There are a series of caveats that must follow such a strong, biologically-grounded explication of romantic love. First, though romantic love evolved gradually as a mechanism to help big-brained infants survive, it is not specifically directed toward that task, but independent of an individual’s parental prospects. This is similar to the hunting instinct in predators being tied in evolutionary terms to the need for food, but also necessarily independent of it, for if predators only hunted when they got hungry, many more would starve. Consider, in an analogous manner, the nature of the sex drive, which is obviously connected to child rearing in evolutionary terms, but works entirely independent of it as modern societies have demonstrated. Most modern couples attempt to restrict pregnancies without restricting sex.

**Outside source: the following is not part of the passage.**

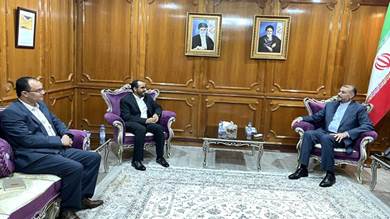 وزير الخارجية الإيراني حسين أمير عبد اللهيان وفدا من جماعة "أنصار الله" الحوثية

Just as love is not linked to having children, it is not necessarily linked to persons one could have children with. It is perfectly natural to love members of one’s own sex. Variation, after all, is the driver of natural selection. While there are tremendous variations between individuals in the capacity to form long-term bonds or the directionality of desire, they are not exclusive to particular cultures. That is where the politics of Valentine’s Day becomes relevant.

In India, both the Left and Right get romantic love wrong. (Photo credit: Dibyangshu Sarkar / AFP)

Universality of Valentine’s Day

Both the Left and Right get romantic love wrong. They do so by denying its universality and its profound biological roots. Conservatives in many lands treat it as a Western import, something particularly absurd in India which has a tradition of romantic tales stretching from the story of Shakuntala, mother of the legendary king who gave this country its name, to thousands of Indian films. Leftists do not threaten couples the way conservatives do, but they are equally wrong-headed in classifying love as a social construct, the way they classify most things under the sun as social constructs.

Romantic love is no social construct or foreign import. It went into the very creation of humanity; we would not exist as a species without it. The modes through which the bond between couples is expressed might change from place to place and generation to generation, but its essential nature remains unchanged.

I imagine a window opening in time, allowing us to look back 50,000 years. We peek at a scene in West Asia close to the location of the mythical Garden of Eden. A band of men has been out foraging or hunting and, as they turn to head home with the food they have collected, a youth spots a cluster of bright wildflowers blooming under a tree, the first sign of spring. Asking his mates to wait, he sprints across and plucks a few to take back to his partner. He does not say “Happy Valentine’s Day” while presenting the blossoms to her, but the lovers feel very much as millions of couples will do today when they greet each other with those words.